**Task to carry out**: In the listing below, the lines from the first through the one with "83 Hotel Le Lavandou" are to be copied word for word.

____ Provided information

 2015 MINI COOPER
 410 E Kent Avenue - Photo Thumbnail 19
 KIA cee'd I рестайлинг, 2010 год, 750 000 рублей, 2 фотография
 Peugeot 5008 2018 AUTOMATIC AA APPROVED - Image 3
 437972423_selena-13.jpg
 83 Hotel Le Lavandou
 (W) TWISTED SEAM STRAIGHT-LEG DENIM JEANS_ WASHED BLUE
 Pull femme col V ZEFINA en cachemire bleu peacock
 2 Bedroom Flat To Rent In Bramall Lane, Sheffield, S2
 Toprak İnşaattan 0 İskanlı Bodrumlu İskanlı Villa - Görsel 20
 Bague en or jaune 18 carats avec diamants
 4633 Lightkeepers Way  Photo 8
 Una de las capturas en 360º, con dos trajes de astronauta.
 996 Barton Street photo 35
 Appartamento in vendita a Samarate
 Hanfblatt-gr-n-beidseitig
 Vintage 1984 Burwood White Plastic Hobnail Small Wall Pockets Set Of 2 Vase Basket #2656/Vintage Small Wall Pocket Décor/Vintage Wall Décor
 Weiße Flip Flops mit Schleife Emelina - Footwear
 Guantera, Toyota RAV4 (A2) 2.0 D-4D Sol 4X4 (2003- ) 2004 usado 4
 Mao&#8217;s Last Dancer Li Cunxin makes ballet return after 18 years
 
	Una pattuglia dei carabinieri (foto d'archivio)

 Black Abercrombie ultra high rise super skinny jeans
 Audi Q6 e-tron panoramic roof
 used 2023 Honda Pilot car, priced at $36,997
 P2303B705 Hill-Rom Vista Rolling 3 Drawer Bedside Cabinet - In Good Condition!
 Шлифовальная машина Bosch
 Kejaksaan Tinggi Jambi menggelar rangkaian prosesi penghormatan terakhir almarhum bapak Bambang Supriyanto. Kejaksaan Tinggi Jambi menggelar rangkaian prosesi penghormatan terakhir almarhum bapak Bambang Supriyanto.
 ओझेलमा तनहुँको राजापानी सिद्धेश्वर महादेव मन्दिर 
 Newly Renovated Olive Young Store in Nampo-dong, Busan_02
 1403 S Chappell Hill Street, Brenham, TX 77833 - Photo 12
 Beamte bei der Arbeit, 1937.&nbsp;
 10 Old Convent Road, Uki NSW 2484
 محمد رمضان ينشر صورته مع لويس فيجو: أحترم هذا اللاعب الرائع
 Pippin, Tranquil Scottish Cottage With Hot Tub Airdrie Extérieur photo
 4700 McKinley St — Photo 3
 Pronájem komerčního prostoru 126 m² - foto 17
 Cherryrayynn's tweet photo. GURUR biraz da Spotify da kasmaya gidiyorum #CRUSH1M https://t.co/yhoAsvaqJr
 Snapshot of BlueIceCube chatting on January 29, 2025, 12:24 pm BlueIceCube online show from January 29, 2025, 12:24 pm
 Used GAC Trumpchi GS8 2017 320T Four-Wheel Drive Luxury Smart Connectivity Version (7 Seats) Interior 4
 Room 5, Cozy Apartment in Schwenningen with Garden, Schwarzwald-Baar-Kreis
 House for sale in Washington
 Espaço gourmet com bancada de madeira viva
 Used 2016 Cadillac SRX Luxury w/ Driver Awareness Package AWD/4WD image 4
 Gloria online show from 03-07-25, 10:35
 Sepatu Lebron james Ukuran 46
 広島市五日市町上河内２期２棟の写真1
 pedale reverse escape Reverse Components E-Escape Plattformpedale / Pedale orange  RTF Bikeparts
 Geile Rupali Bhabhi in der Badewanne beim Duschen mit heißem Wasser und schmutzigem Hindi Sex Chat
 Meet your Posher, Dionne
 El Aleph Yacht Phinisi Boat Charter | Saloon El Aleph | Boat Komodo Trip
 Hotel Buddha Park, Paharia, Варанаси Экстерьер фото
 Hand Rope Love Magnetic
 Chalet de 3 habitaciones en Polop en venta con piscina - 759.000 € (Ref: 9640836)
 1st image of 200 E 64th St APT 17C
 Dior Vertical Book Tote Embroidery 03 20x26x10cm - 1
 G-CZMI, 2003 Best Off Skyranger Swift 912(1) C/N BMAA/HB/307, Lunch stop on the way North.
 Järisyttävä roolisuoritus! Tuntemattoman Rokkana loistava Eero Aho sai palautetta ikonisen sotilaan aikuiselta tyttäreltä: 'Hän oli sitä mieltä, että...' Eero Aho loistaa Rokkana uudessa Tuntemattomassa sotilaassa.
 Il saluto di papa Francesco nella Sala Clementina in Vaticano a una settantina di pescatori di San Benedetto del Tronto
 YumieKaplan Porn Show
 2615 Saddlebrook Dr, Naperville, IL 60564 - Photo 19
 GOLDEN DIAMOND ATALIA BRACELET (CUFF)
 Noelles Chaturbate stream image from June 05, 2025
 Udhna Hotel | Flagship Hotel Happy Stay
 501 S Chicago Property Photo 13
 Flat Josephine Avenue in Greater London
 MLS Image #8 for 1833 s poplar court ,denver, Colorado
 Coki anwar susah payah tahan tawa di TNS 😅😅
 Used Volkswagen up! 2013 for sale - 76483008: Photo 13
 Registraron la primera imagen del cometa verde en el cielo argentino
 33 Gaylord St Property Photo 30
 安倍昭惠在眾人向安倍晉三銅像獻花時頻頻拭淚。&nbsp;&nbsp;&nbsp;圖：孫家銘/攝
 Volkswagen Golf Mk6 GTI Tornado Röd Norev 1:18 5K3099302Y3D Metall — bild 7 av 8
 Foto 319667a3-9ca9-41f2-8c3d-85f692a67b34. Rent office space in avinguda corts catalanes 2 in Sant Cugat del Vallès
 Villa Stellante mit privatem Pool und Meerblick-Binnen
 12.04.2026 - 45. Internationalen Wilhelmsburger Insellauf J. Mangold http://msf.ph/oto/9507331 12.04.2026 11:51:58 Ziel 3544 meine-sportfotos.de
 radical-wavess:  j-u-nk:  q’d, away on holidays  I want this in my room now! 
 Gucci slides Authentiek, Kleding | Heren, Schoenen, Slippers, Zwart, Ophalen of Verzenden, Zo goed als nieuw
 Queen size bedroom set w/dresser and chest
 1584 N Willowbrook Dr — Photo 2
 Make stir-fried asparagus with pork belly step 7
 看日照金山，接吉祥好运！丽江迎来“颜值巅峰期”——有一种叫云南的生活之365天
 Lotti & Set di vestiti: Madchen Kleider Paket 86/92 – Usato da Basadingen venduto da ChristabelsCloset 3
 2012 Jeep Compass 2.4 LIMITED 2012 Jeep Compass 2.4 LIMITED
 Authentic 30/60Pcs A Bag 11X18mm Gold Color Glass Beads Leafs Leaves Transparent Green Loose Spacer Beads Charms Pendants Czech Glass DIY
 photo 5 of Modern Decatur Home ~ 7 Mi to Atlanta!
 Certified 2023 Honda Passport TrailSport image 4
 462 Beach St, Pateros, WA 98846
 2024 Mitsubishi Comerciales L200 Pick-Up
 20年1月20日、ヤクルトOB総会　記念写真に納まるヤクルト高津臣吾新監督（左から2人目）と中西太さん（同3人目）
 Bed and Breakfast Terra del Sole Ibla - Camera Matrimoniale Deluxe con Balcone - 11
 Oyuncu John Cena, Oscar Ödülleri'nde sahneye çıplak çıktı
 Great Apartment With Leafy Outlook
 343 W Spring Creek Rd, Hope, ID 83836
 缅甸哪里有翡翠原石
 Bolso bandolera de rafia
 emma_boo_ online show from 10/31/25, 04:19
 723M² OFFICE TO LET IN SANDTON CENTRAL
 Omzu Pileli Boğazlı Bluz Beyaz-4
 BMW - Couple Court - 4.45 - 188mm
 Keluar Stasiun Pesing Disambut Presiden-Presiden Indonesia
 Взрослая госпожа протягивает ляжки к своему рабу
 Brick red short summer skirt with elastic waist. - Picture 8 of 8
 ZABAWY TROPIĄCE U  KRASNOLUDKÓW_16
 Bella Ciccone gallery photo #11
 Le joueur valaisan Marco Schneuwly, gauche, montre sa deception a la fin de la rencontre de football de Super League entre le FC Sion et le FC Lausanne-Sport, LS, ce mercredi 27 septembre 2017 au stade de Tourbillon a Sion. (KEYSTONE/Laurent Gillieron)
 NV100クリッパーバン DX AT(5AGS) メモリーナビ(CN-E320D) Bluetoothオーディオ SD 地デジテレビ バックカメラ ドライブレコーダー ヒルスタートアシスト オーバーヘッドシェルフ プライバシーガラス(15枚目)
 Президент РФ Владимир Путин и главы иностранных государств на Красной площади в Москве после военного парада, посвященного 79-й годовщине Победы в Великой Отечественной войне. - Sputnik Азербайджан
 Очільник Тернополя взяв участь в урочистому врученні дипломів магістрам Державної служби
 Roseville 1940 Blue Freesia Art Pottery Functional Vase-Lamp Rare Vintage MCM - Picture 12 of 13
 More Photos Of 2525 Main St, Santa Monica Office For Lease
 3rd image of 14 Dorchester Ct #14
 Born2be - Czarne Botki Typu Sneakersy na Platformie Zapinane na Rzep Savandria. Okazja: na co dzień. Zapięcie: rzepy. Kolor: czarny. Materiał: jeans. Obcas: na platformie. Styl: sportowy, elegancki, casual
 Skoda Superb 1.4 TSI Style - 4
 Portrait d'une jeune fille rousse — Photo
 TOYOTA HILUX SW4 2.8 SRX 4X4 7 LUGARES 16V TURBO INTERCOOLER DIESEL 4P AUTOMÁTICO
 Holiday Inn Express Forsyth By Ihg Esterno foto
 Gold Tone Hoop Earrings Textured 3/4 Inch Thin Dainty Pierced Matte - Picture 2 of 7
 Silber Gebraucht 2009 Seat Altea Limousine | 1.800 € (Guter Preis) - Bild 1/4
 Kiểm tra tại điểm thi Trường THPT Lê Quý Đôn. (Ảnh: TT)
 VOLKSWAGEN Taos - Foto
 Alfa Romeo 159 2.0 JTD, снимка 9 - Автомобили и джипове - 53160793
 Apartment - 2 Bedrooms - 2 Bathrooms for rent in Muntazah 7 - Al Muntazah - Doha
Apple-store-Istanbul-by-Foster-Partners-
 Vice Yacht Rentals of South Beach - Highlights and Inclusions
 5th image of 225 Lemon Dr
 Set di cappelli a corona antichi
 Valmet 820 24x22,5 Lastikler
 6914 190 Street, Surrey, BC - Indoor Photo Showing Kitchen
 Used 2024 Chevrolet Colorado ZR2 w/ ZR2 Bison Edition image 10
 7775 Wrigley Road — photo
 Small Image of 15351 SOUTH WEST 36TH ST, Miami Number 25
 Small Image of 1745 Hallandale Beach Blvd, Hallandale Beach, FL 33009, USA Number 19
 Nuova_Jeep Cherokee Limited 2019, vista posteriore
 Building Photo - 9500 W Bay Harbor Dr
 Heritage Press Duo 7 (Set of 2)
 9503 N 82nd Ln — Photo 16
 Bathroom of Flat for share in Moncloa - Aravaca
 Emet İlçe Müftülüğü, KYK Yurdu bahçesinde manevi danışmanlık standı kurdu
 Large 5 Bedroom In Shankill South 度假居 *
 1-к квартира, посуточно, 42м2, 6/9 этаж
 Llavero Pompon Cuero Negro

________

**Expected output**:
 2015 MINI COOPER
 410 E Kent Avenue - Photo Thumbnail 19
 KIA cee'd I рестайлинг, 2010 год, 750 000 рублей, 2 фотография
 Peugeot 5008 2018 AUTOMATIC AA APPROVED - Image 3
 437972423_selena-13.jpg
 83 Hotel Le Lavandou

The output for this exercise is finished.